His ban has also scuppered any chance of a lucrative move to a big club this summer. Chelsea were among the clubs interested in Toney, who has worked his way up from League One and last week was described by Thomas Frank as a £100million footballer.
Brentford were preparing to listen to offers for the forward, given he has two years left on his contract, but clubs are far less likely to invest in him now.
Toney’s ban raises serious questions about football’s uncomfortable, hypocritical relationship with the gambling industry.
When Toney has been playing for Brentford this season, he has been advertising Hollywoodbets as the main sponsor on the front of his shirt. When he joined the Bees, they were in the SkyBet Championship. Brentford owner Matthew Benham made his fortune from a betting and data-analysis company, and advertising for gambling firms is everywhere at Premier League and EFL grounds.
Changes are being made and, under pressure from the Government, Premier League clubs have agreed to a ban on gambling companies sponsoring the front of shirts by the 2026-27 season, though sleeve sponsorships and pitchside advertising will still be permitted.
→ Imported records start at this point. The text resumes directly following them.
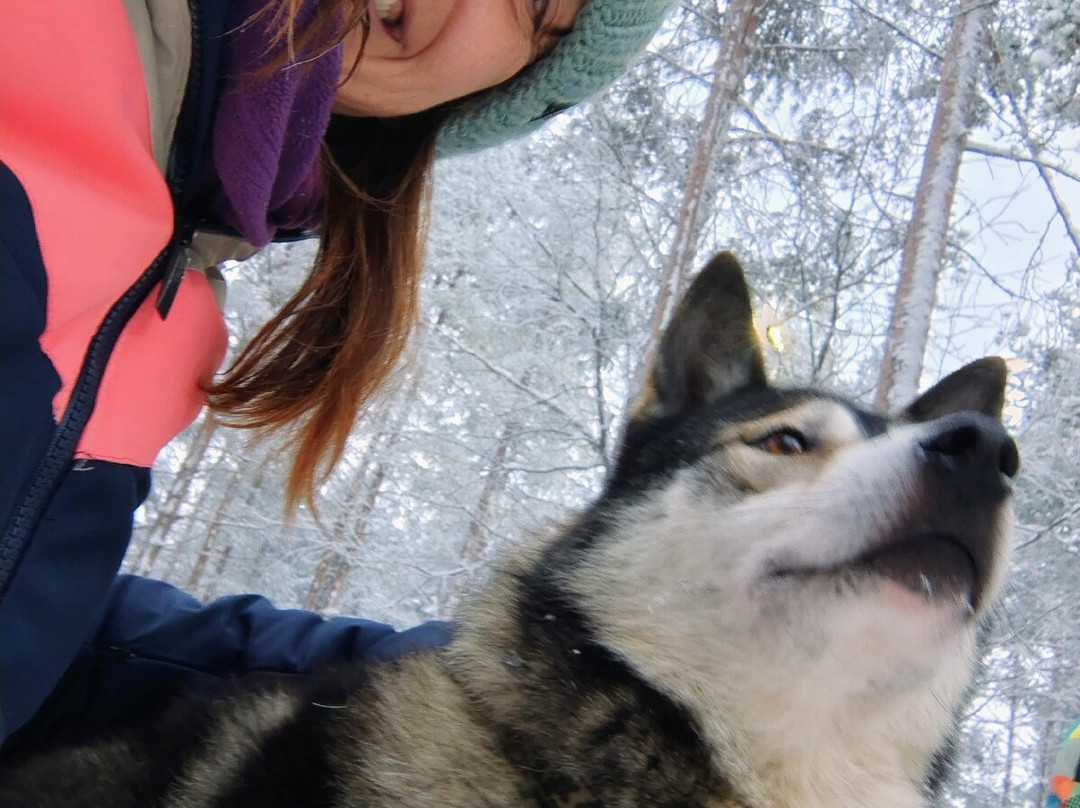 Tundra Huskies Huskyfarm-Levi必去景点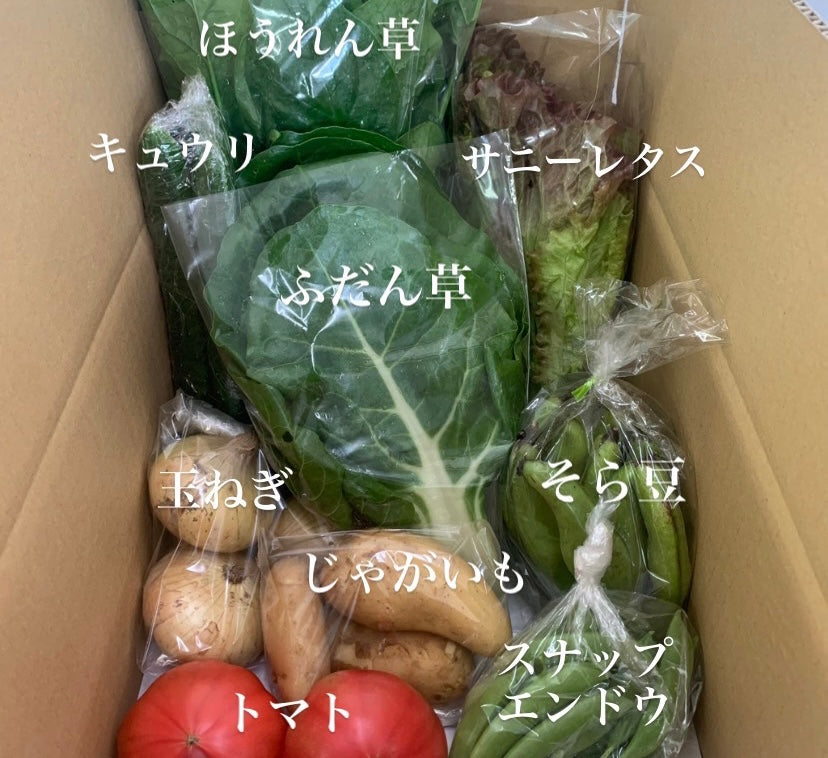 今週の愛菜連だよりをお届けいたします♪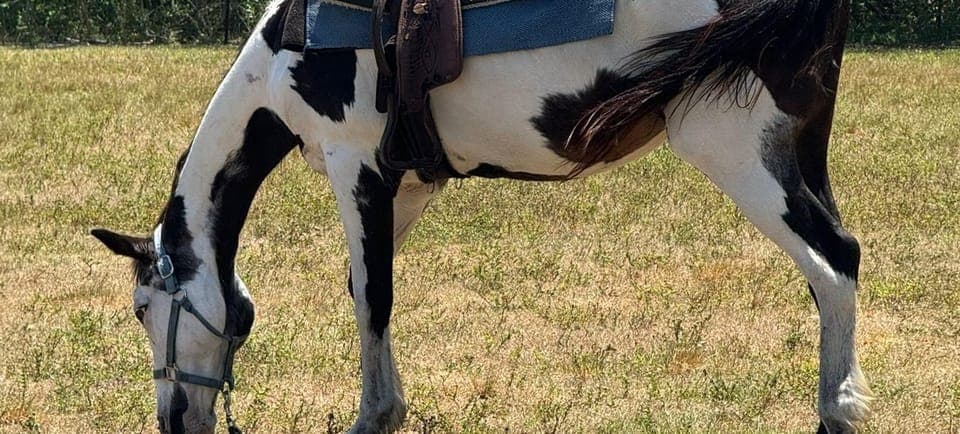 Harmony Horse Riding of Miami Gallery Image 3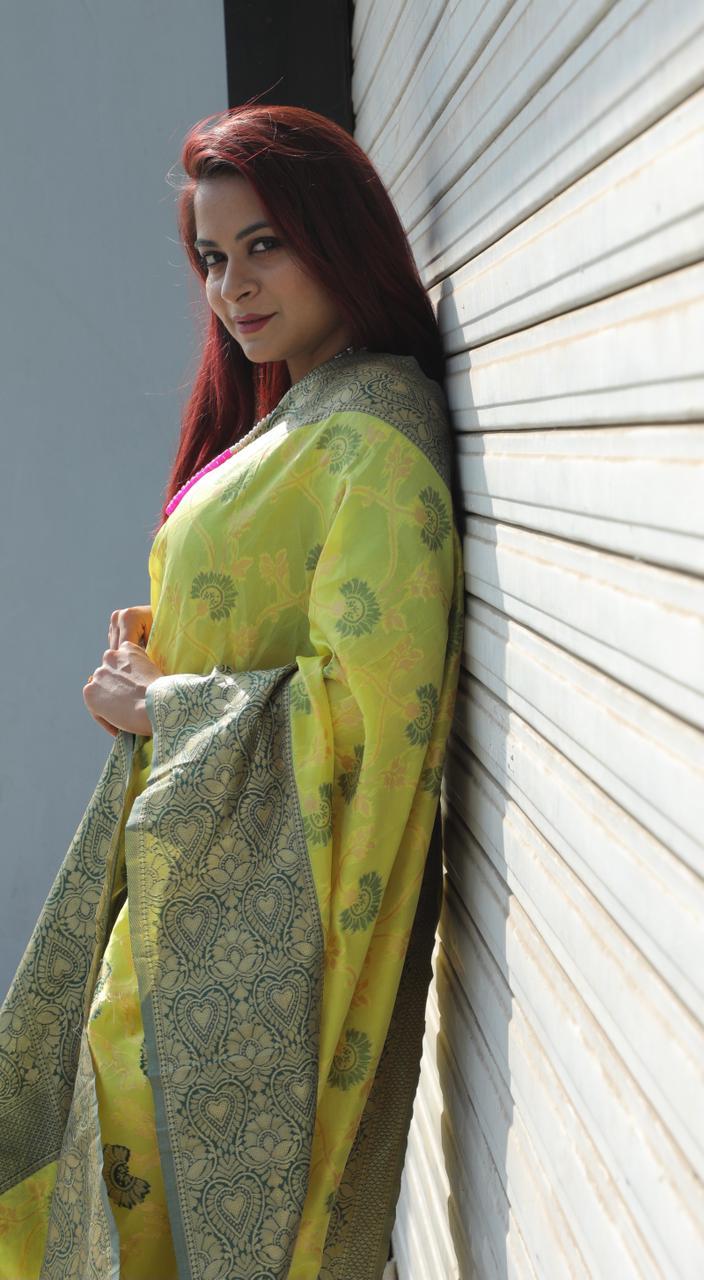 Multi Colour Saree New Launch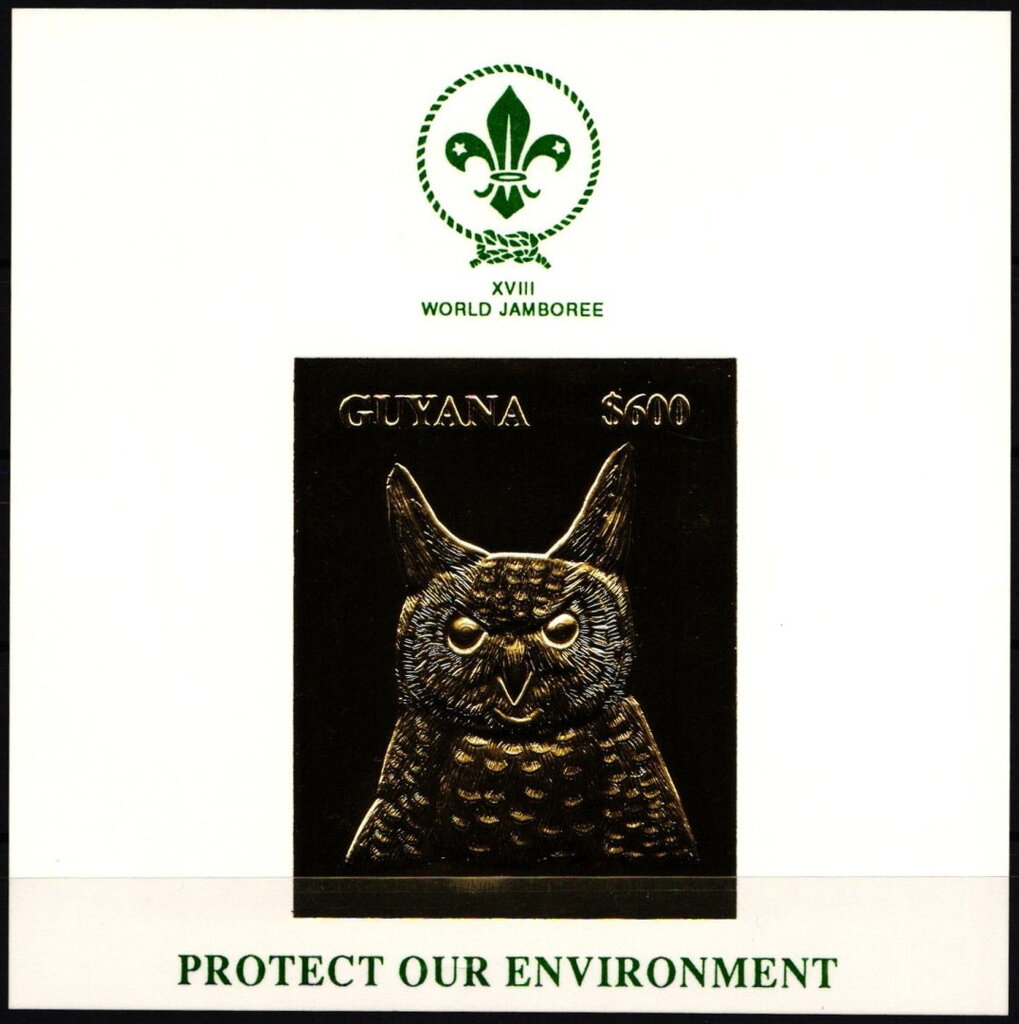 Eared Owl
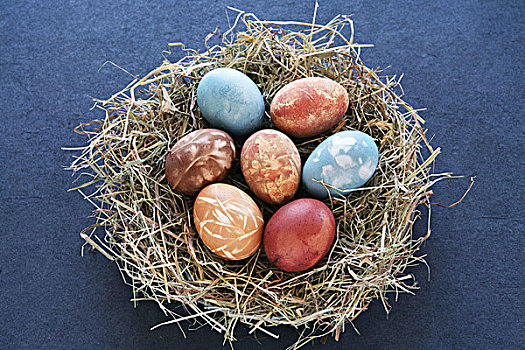 涂绘,复活节彩蛋,鸟窝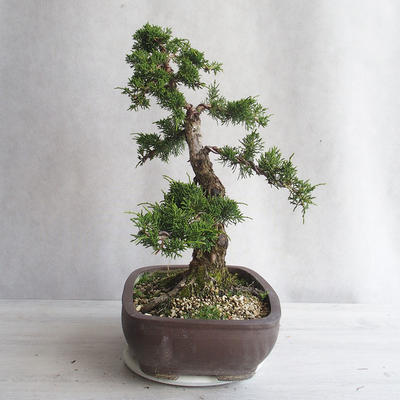 Outdoor bonsai - Juniperus chinensis - chiński jałowiec - 4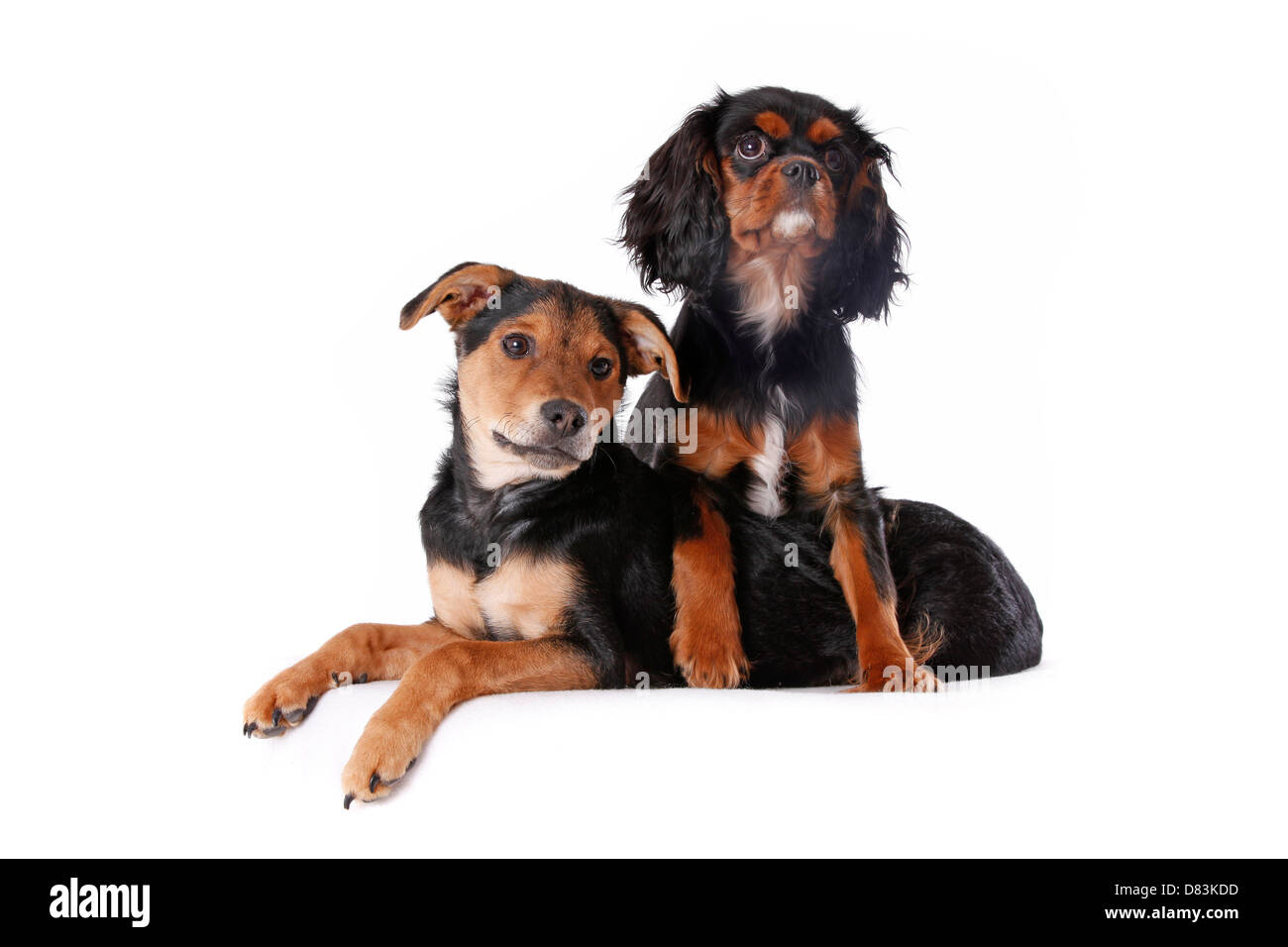 Cani Foto Stock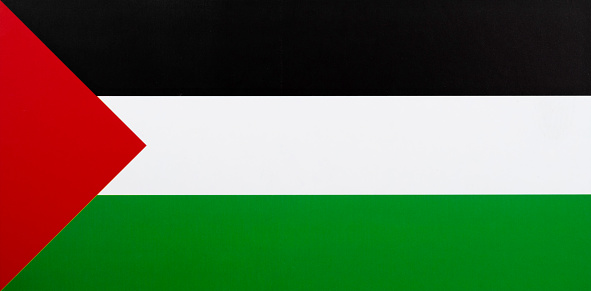 Close up of Palestinian flag.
Toney has broken the rules but not training with Brentford for four months is self-defeating. It will leave him isolated, and football has a duty of care to support players hooked on betting — not that this is the implication with Toney — given that gambling is entrenched in the game.
The ban is a setback for Brentford, who said they would wait for the publication of an independent regulatory commission’s written reasons before “considering their next steps”.
The club has scaled new heights this season and losing Toney is a blow to its slim chances of finishing seventh and qualifying for Europe.
They would surely also have been optimistic about a European place next season with Toney through the middle. That will be harder without their talisman or the funds his sale would have raised, but Brentford feel like a club well-equipped to deal with the situation
Toney was first charged in November, so they have had time to plan for this outcome and have already shown they can deal with losing their best players following the departures of Neal Maupay and Ollie Watkins. Only a year ago they were being tipped for a relegation struggle.
The Bees are one of the best-run clubs in the country and Frank is capable of transforming a new signing or even reshaping the team with existing personnel. Brentford are likely to consider looking to the transfer market for a replacement but they could have solutions in their squad.
Kevin Schade is a raw talent who can play centrally and Frank has a superb record at developing strikers. Yoane Wissa has just signed a new contract and has popped up with some crucial goals this season, as has Bryan Mbeumo.
So, while losing Toney is a setback, it is not time to panic.